WHAT TO DO — Take the entries that follow and write each one out exactly.

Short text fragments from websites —
--- START ---

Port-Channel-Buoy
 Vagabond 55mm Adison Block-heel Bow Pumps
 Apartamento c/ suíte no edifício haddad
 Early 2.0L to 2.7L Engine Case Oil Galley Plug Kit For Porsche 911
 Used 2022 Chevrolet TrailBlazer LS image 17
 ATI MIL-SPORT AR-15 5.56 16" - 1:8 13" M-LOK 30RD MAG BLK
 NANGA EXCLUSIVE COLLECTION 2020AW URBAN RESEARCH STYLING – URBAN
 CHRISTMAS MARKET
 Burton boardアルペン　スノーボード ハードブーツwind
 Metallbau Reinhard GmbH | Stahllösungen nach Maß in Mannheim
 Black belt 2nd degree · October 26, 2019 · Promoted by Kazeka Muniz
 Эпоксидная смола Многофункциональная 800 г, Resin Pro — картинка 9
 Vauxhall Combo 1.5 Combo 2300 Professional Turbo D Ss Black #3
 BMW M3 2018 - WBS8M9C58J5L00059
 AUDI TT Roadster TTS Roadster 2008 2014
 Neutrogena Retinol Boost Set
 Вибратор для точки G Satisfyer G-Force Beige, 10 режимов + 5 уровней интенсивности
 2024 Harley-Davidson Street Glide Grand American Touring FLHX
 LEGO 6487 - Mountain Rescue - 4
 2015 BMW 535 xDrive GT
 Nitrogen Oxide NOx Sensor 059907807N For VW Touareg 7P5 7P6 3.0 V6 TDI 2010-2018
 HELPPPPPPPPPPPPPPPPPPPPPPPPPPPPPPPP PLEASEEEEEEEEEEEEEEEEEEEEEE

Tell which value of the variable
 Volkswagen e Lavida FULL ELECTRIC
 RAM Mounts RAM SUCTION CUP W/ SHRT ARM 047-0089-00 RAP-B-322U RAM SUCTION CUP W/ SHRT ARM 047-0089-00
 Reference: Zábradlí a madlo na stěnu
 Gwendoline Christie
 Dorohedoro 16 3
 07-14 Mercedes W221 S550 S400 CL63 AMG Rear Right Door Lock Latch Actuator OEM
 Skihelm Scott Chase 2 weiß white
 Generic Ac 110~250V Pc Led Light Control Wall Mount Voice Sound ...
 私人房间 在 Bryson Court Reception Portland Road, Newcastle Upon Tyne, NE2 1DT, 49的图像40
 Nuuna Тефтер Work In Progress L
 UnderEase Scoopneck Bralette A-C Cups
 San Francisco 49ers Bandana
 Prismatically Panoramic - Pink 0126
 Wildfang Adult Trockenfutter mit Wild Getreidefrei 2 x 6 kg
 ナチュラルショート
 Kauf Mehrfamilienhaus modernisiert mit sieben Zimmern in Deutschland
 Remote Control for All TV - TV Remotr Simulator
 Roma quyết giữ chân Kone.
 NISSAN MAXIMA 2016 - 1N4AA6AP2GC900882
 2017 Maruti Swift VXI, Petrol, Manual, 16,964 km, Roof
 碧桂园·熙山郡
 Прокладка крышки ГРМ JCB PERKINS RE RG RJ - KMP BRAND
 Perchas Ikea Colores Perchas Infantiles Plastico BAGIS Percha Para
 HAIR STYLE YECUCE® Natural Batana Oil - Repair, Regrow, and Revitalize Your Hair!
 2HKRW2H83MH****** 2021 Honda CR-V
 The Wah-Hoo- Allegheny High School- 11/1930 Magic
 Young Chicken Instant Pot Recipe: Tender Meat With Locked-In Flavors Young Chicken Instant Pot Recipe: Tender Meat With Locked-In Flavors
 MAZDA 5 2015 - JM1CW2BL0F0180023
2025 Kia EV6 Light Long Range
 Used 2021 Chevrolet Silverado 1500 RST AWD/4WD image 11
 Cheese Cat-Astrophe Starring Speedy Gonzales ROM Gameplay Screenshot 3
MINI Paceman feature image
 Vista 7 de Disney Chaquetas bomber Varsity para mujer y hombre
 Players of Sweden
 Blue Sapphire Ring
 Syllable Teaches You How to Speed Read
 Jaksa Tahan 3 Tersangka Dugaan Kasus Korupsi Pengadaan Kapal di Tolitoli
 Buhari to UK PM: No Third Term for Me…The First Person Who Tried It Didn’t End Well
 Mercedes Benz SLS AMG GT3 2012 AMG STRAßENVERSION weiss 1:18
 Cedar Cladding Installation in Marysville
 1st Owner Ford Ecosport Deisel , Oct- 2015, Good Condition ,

--- END ---

SOLUTION TO THIS TASK —
Port-Channel-Buoy
 Vagabond 55mm Adison Block-heel Bow Pumps
 Apartamento c/ suíte no edifício haddad
 Early 2.0L to 2.7L Engine Case Oil Galley Plug Kit For Porsche 911
 Used 2022 Chevrolet TrailBlazer LS image 17
 ATI MIL-SPORT AR-15 5.56 16" - 1:8 13" M-LOK 30RD MAG BLK
 NANGA EXCLUSIVE COLLECTION 2020AW URBAN RESEARCH STYLING – URBAN
 CHRISTMAS MARKET
 Burton boardアルペン　スノーボード ハードブーツwind
 Metallbau Reinhard GmbH | Stahllösungen nach Maß in Mannheim
 Black belt 2nd degree · October 26, 2019 · Promoted by Kazeka Muniz
 Эпоксидная смола Многофункциональная 800 г, Resin Pro — картинка 9
 Vauxhall Combo 1.5 Combo 2300 Professional Turbo D Ss Black #3
 BMW M3 2018 - WBS8M9C58J5L00059
 AUDI TT Roadster TTS Roadster 2008 2014
 Neutrogena Retinol Boost Set
 Вибратор для точки G Satisfyer G-Force Beige, 10 режимов + 5 уровней интенсивности
 2024 Harley-Davidson Street Glide Grand American Touring FLHX
 LEGO 6487 - Mountain Rescue - 4
 2015 BMW 535 xDrive GT
 Nitrogen Oxide NOx Sensor 059907807N For VW Touareg 7P5 7P6 3.0 V6 TDI 2010-2018
 HELPPPPPPPPPPPPPPPPPPPPPPPPPPPPPPPP PLEASEEEEEEEEEEEEEEEEEEEEEE

Tell which value of the variable
 Volkswagen e Lavida FULL ELECTRIC
 RAM Mounts RAM SUCTION CUP W/ SHRT ARM 047-0089-00 RAP-B-322U RAM SUCTION CUP W/ SHRT ARM 047-0089-00
 Reference: Zábradlí a madlo na stěnu
 Gwendoline Christie
 Dorohedoro 16 3
 07-14 Mercedes W221 S550 S400 CL63 AMG Rear Right Door Lock Latch Actuator OEM
 Skihelm Scott Chase 2 weiß white
 Generic Ac 110~250V Pc Led Light Control Wall Mount Voice Sound ...
 私人房间 在 Bryson Court Reception Portland Road, Newcastle Upon Tyne, NE2 1DT, 49的图像40
 Nuuna Тефтер Work In Progress L
 UnderEase Scoopneck Bralette A-C Cups
 San Francisco 49ers Bandana
 Prismatically Panoramic - Pink 0126
 Wildfang Adult Trockenfutter mit Wild Getreidefrei 2 x 6 kg
 ナチュラルショート
 Kauf Mehrfamilienhaus modernisiert mit sieben Zimmern in Deutschland
 Remote Control for All TV - TV Remotr Simulator
 Roma quyết giữ chân Kone.
 NISSAN MAXIMA 2016 - 1N4AA6AP2GC900882
 2017 Maruti Swift VXI, Petrol, Manual, 16,964 km, Roof
 碧桂园·熙山郡
 Прокладка крышки ГРМ JCB PERKINS RE RG RJ - KMP BRAND
 Perchas Ikea Colores Perchas Infantiles Plastico BAGIS Percha Para
 HAIR STYLE YECUCE® Natural Batana Oil - Repair, Regrow, and Revitalize Your Hair!
 2HKRW2H83MH****** 2021 Honda CR-V
 The Wah-Hoo- Allegheny High School- 11/1930 Magic
 Young Chicken Instant Pot Recipe: Tender Meat With Locked-In Flavors Young Chicken Instant Pot Recipe: Tender Meat With Locked-In Flavors
 MAZDA 5 2015 - JM1CW2BL0F0180023
2025 Kia EV6 Light Long Range
 Used 2021 Chevrolet Silverado 1500 RST AWD/4WD image 11
 Cheese Cat-Astrophe Starring Speedy Gonzales ROM Gameplay Screenshot 3
MINI Paceman feature image
 Vista 7 de Disney Chaquetas bomber Varsity para mujer y hombre
 Players of Sweden
 Blue Sapphire Ring
 Syllable Teaches You How to Speed Read
 Jaksa Tahan 3 Tersangka Dugaan Kasus Korupsi Pengadaan Kapal di Tolitoli
 Buhari to UK PM: No Third Term for Me…The First Person Who Tried It Didn’t End Well
 Mercedes Benz SLS AMG GT3 2012 AMG STRAßENVERSION weiss 1:18
 Cedar Cladding Installation in Marysville
 1st Owner Ford Ecosport Deisel , Oct- 2015, Good Condition ,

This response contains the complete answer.